The solution for many is to not bother at all and rely on the increasing number of car-sharing services. Even major car companies like PSA are getting in on the act, although the company’s subsidiary Citroen has gone one step further by making its own car especially for the purpose.
It’s called the Ami, and technically, it’s not a car at all. The adorable, dinky vehicle - which was previewed by last year’s Ami One Concept - is classed as a quadricycle, meaning in some European countries, you can drive it from age 14 with no driving license.
The Ami is ever so slightly longer and wider than a Renault Twizy, but it has - as you can see in these images - proper doors. Speaking of which, they’re asymmetrical, with the driver’s side hinged at the rear. Citroen has managed to squeeze in two seats side-by-side, made possible by placing the passenger slightly further back.

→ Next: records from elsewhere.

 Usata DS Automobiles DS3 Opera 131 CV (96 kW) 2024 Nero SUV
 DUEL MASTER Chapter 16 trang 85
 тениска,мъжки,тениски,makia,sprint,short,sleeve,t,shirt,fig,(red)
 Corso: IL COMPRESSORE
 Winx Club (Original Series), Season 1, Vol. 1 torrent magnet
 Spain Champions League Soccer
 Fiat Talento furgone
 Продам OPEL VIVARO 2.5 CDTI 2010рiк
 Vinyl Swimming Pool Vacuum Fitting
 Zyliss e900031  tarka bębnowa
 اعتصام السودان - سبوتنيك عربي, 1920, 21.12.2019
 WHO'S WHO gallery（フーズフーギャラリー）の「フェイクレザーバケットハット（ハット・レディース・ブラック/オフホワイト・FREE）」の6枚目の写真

Power comes from a 5.5kWh battery and an electric motor, making for a top speed of 28mph and a range of up to 44 miles. Charging takes three hours via a regular domestic plug socket.
Buying an Ami outright costs €6000 in France, or you’ll be able to drive one through Free2Move - PSA’s mobility scheme - for €0.26 a mile. Option C is you lease one for €19.99 a month (over 48 months), but you will need to stump up a €2600 deposit.
The Ami will be launched in its native country at the end of March, with debuts in Spain, Portugal, Italy, Belgium and Germany following shortly after. It’s not yet confirmed if the car will make it to the UK in right-hand drive.